Tantangan yang dihadirkan oleh digitalisasi, konsumerisme, dan globalisasi sangatlah kompleks dan saling terkait. Untuk menghadapi tantangan ini, dibutuhkan kerjasama dari berbagai pihak, termasuk pemerintah, sektor swasta, dan masyarakat luas. Solusi yang efektif harus bersifat holistik dan berkelanjutan, melibatkan berbagai sektor serta semua pemangku kepentingan.
Kesimpulan
Ber muamalah, merupakan interaksi dan hubungan antar manusia dalam aspek kehidupan duniawi, memainkan peranan penting dalam kehidupan umat Islam masa kini.

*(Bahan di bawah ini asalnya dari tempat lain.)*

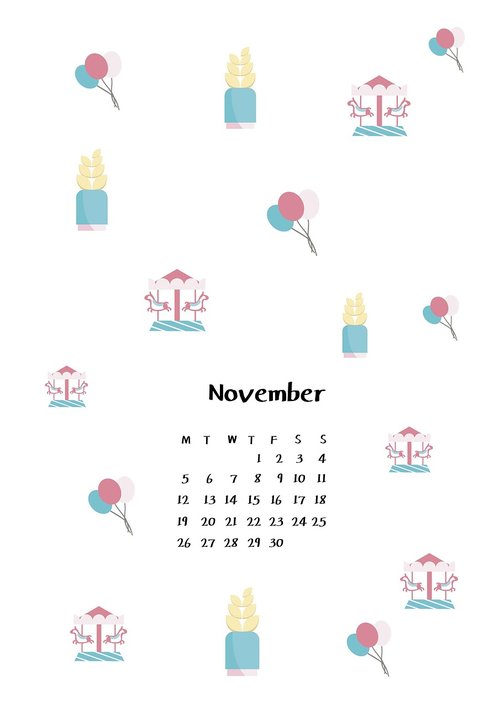 vector  calendar  small fresh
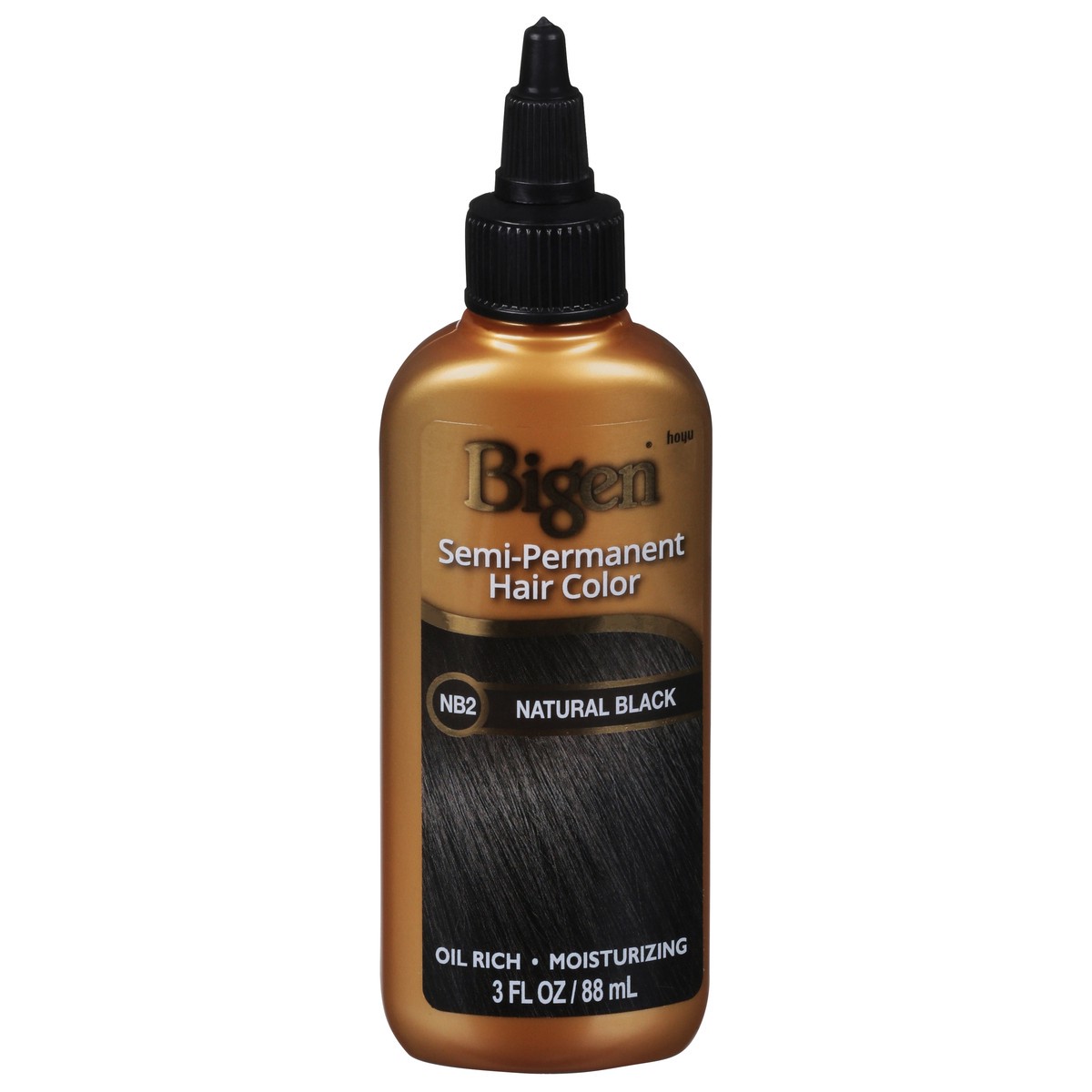 slide 1 of 9, Bigen Natural Black NB2 Semi-Permanent Hair Color 3.0 fl oz, 1 ct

Prinsip-prinsip muamalah, seperti keadilan, kejujuran, dan transparansi, membantu menciptakan masyarakat yang harmonis, berkeadilan, dan sejahtera. Muamalah juga mendukung pertumbuhan ekonomi yang berkelanjutan dan membentuk karakter individu yang mulia. Selain itu, muamalah mempererat persatuan umat Islam dan memperkuat hubungan antarindividu, baik di dalam maupun luar komunitas Muslim.
Dalam menghadapi tantangan globalisasi, digitalisasi, dan konsumerisme, penerapan prinsip muamalah semakin relevan. Muamalah menyediakan pedoman bagi umat Islam untuk beradaptasi dengan perubahan zaman tanpa melanggar nilai-nilai syariat. Oleh karena itu, pendidikan dan kesadaran masyarakat akan pentingnya muamalah sangat diperlukan agar dapat menciptakan lingkungan yang adil, damai, dan penuh kerjasama. Dengan mengintegrasikan prinsip-prinsip muamalah dalam kehidupan sehari-hari, umat Islam dapat berperan sebagai agen perubahan yang positif bagi masyarakat luas.